The sdselect command is a report-generating command. See Command types in the Splunk Cloud Platform Search Reference.

Generating commands use a leading pipe character and must be the first command in a search.

When you use sdselect to search an AWS Glue Data Catalog table, you must use a FROM clause to reference a federated index that maps to that AWS Glue table. This mapping lets sdselect run an efficient statistical analysis of fields in that AWS Glue table.
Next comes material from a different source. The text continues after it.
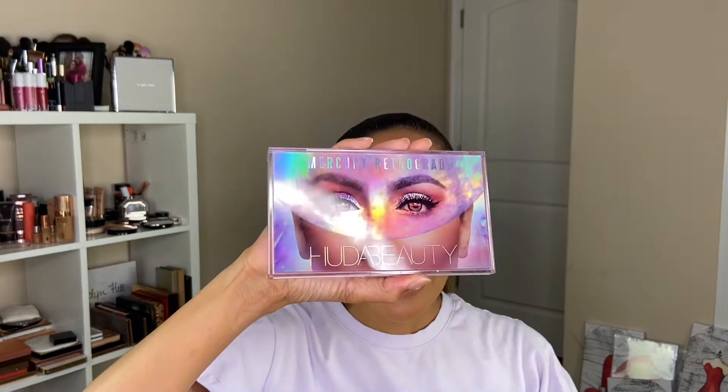Hey guys, welcome back to my channel. It's Chelsea and today we have a review for you using the Huda Beauty Mercury Retrograde Palette. There's been a lot of talk about this palette and there are a lot of different reviews and perspectives, so I'm just here trying to give you my own.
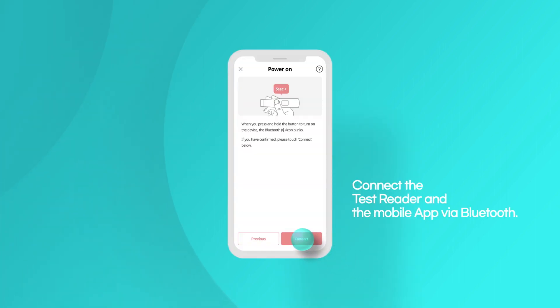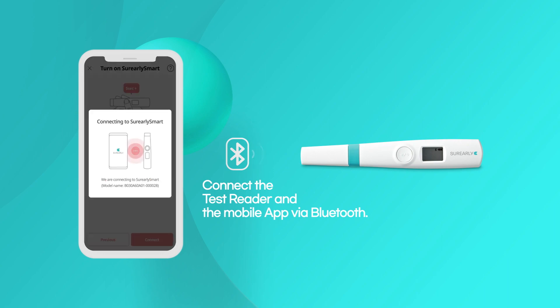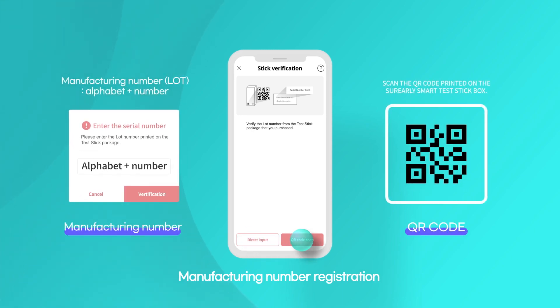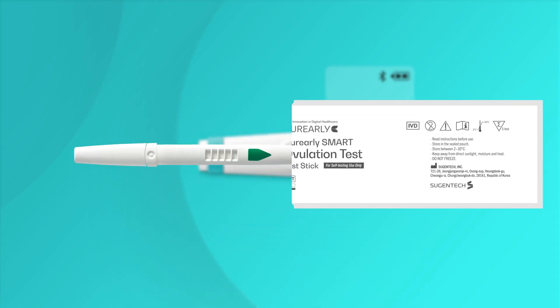Tap the connect button to connect the test reader and the app via Bluetooth. Scan the QR code on the packaging or enter the lot number. When the arrow symbol appears, hold the test stick with the display facing up and insert it into the test reader until it clicks.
The AWS Glue table, in turn, represents a dataset in your Amazon S3 storage.

The sdselect command supports path navigation syntax for nested fields representing specific datasets within a JSON array or Amazon S3 directory structure. See Use nested fields to identify datasets in a hierarchical structure.

sdselect searches consume your data scan entitlement

When you run sdselect searches, Federated Search for Amazon S3 counts the volume of data on disk that your search scans against your total data scan entitlement. To reduce data scan entitlement consumption, construct your searches so that they do not scan more data than necessary.

Splunk software tracks the volume on disk of the data you are scanning, not the number of events that you are searching. A search of compressed data, such as data from GZIP or Parquet files, might consume less of your data scan entitlement than a similar search of uncompressed data.

For more information about obtaining and monitoring your Federated Search for Amazon S3 data scan entitlement, see About Federated Search for Amazon S3.

Federated Search for Amazon S3 counts searches that you cancel against your data scan entitlement for the amount of data that has been scanned at the point of search cancellation. Failed searches do not incur charges against your data scan entitlement.

Data size limits for sdselect searches

The amount of AWS Glue table dataset data that the sdselect command can process in a single search has the following limitations.

  • The sum of a single row or column in a AWS Glue table dataset cannot exceed 32 MB. For example, you exceed this limit if a single column in a table row has a column that is 100 MB in size.
  • sdselect searches have a configurable data-scanned-per-search control limit of 10 TB. If you run an sdselect search that exceeds this limit, the search fails without incurring any consumption of your data scan entitlement. If you need to change the data-scanned-per-search limit for your sdselect searches, contact Splunk Support.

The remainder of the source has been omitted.